Set down exactly the lines from the one containing "2024 Aviara AV32" through the last line of the records below, both included, and nothing else.
----- Dataset excerpts
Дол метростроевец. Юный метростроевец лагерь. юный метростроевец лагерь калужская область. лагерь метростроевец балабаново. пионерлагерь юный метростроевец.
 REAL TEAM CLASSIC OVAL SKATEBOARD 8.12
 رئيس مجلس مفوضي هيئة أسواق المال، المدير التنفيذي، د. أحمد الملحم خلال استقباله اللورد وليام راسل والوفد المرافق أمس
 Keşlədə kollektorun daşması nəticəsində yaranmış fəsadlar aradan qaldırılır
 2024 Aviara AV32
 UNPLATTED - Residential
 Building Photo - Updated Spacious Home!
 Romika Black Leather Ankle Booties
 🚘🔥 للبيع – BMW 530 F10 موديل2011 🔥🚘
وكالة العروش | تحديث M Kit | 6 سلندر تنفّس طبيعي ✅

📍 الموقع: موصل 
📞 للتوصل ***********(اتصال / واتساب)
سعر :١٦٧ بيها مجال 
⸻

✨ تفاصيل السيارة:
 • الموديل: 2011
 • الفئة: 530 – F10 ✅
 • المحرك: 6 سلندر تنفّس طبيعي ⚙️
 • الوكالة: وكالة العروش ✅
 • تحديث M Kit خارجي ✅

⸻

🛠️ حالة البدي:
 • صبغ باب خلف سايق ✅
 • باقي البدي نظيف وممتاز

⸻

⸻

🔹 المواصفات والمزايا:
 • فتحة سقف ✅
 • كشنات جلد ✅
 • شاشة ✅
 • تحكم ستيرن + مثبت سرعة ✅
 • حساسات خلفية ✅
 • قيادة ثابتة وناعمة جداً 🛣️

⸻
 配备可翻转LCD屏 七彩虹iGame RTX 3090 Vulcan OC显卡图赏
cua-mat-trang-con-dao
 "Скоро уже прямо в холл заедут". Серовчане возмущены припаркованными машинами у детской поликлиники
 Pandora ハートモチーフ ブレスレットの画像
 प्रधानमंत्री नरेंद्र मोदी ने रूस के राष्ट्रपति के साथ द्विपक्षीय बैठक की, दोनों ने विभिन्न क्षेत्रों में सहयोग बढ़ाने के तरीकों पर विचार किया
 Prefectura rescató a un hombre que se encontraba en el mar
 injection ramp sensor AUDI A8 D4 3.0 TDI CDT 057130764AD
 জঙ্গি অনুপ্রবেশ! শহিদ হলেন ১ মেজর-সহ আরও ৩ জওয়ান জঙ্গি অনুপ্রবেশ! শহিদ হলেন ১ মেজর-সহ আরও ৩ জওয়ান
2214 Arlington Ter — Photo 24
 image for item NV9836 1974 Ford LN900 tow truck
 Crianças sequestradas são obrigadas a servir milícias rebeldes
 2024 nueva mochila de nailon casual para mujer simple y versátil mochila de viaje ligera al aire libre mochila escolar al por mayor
----------
> _Written reply_
 2024 Aviara AV32
 UNPLATTED - Residential
 Building Photo - Updated Spacious Home!
 Romika Black Leather Ankle Booties
 🚘🔥 للبيع – BMW 530 F10 موديل2011 🔥🚘
وكالة العروش | تحديث M Kit | 6 سلندر تنفّس طبيعي ✅

📍 الموقع: موصل 
📞 للتوصل ***********(اتصال / واتساب)
سعر :١٦٧ بيها مجال 
⸻

✨ تفاصيل السيارة:
 • الموديل: 2011
 • الفئة: 530 – F10 ✅
 • المحرك: 6 سلندر تنفّس طبيعي ⚙️
 • الوكالة: وكالة العروش ✅
 • تحديث M Kit خارجي ✅

⸻

🛠️ حالة البدي:
 • صبغ باب خلف سايق ✅
 • باقي البدي نظيف وممتاز

⸻

⸻

🔹 المواصفات والمزايا:
 • فتحة سقف ✅
 • كشنات جلد ✅
 • شاشة ✅
 • تحكم ستيرن + مثبت سرعة ✅
 • حساسات خلفية ✅
 • قيادة ثابتة وناعمة جداً 🛣️

⸻
 配备可翻转LCD屏 七彩虹iGame RTX 3090 Vulcan OC显卡图赏
cua-mat-trang-con-dao
 "Скоро уже прямо в холл заедут". Серовчане возмущены припаркованными машинами у детской поликлиники
 Pandora ハートモチーフ ブレスレットの画像
 प्रधानमंत्री नरेंद्र मोदी ने रूस के राष्ट्रपति के साथ द्विपक्षीय बैठक की, दोनों ने विभिन्न क्षेत्रों में सहयोग बढ़ाने के तरीकों पर विचार किया
 Prefectura rescató a un hombre que se encontraba en el mar
 injection ramp sensor AUDI A8 D4 3.0 TDI CDT 057130764AD
 জঙ্গি অনুপ্রবেশ! শহিদ হলেন ১ মেজর-সহ আরও ৩ জওয়ান জঙ্গি অনুপ্রবেশ! শহিদ হলেন ১ মেজর-সহ আরও ৩ জওয়ান
2214 Arlington Ter — Photo 24
 image for item NV9836 1974 Ford LN900 tow truck
 Crianças sequestradas são obrigadas a servir milícias rebeldes
 2024 nueva mochila de nailon casual para mujer simple y versátil mochila de viaje ligera al aire libre mochila escolar al por mayor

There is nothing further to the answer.